### Problem description
When copying the listing below, skip every picture and keep each word as it stands.

### Dataset section
....

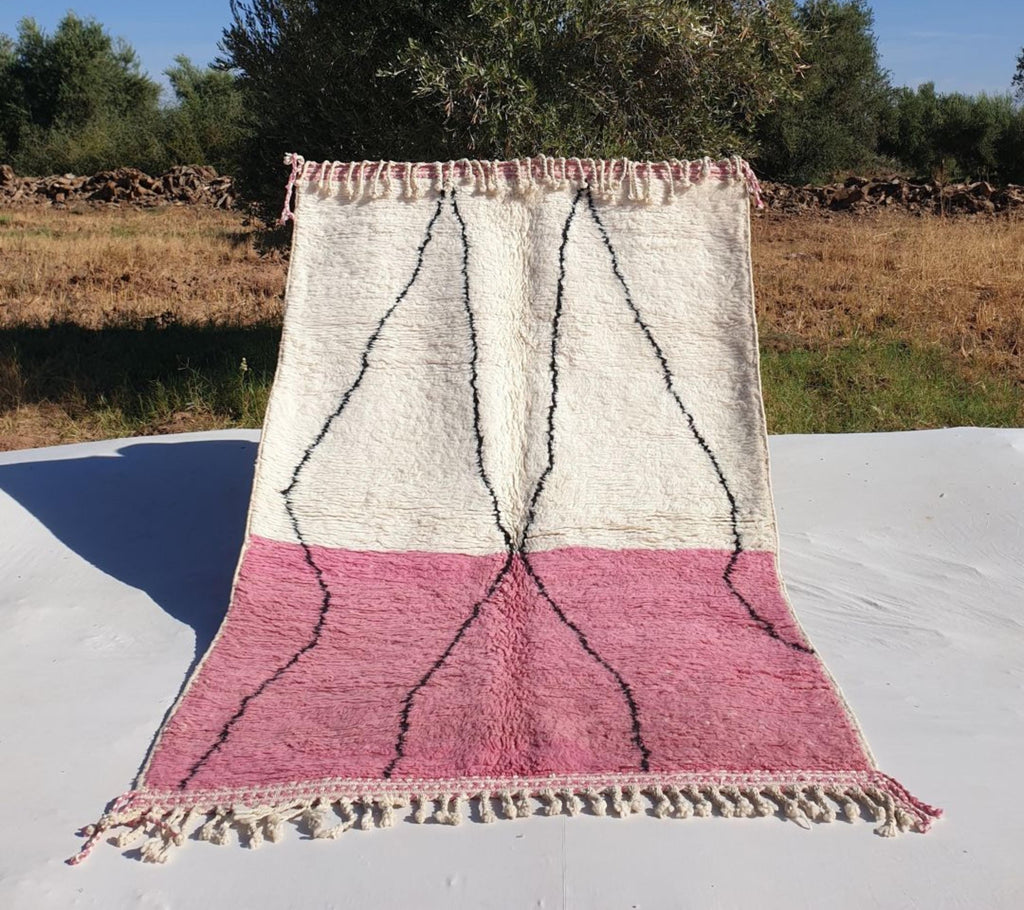 Handmade Wool Berber Rug: Moroccan Shag Style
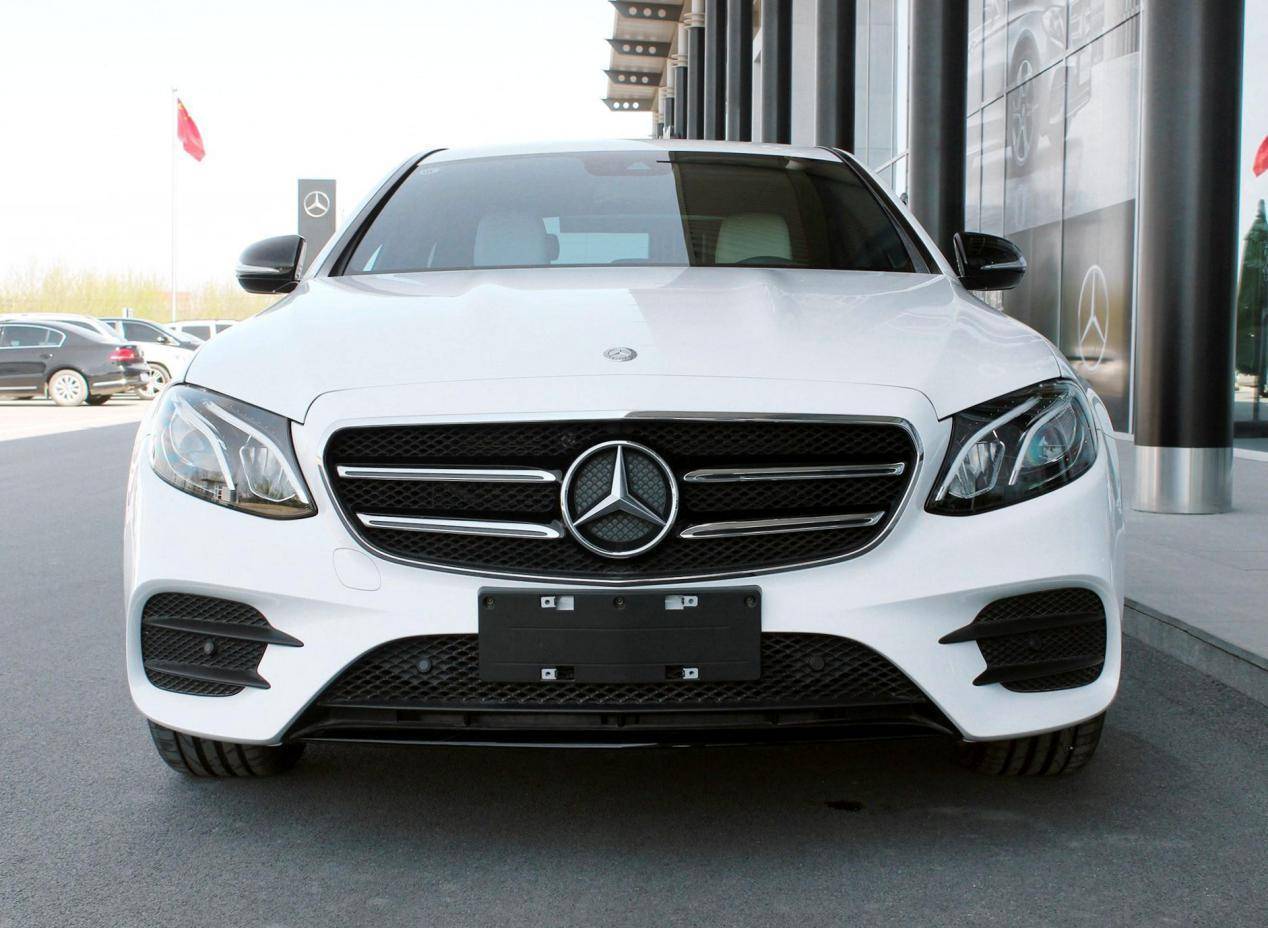 新款奔驰e级正式上市回顾80年演变史这一代算成功吗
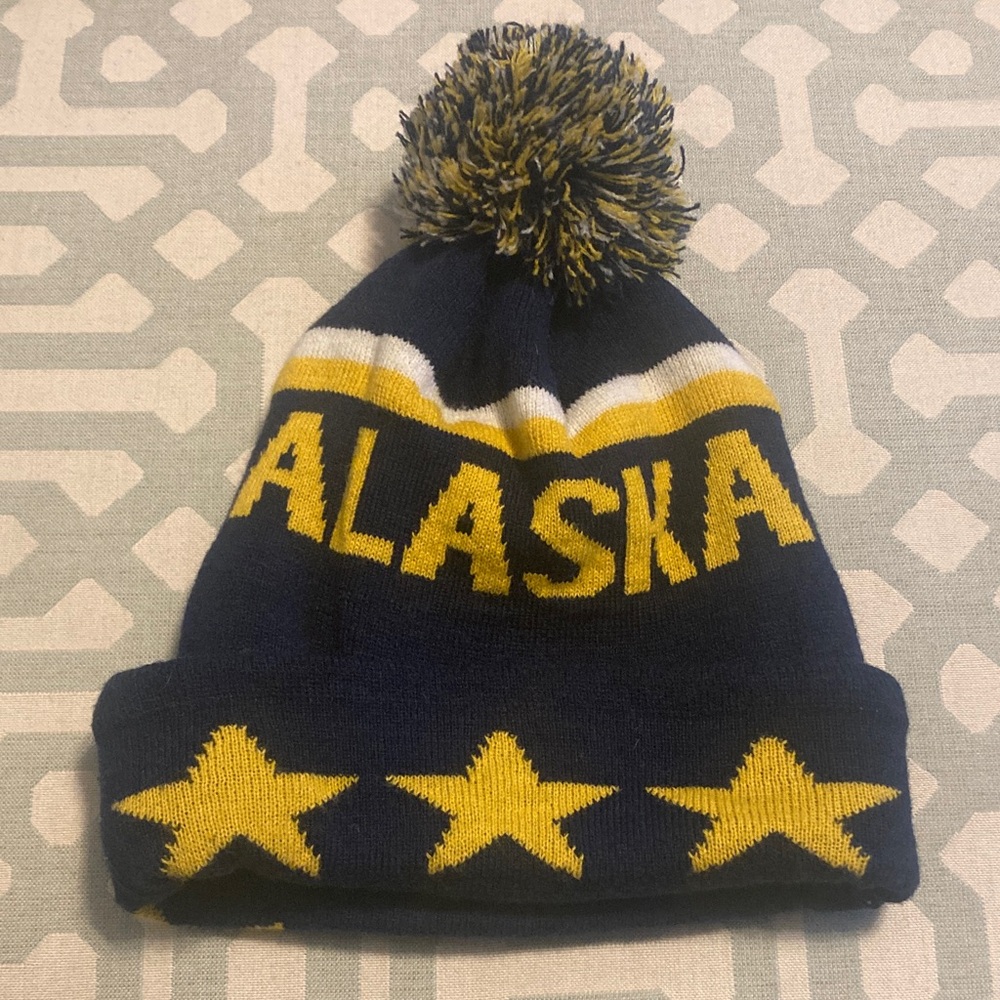 Alaska Adult Star Beanie with Pom Pom - Blue and Yellow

....

### Exercise solution
 Handmade Wool Berber Rug: Moroccan Shag Style
 新款奔驰e级正式上市回顾80年演变史这一代算成功吗
 Alaska Adult Star Beanie with Pom Pom - Blue and Yellow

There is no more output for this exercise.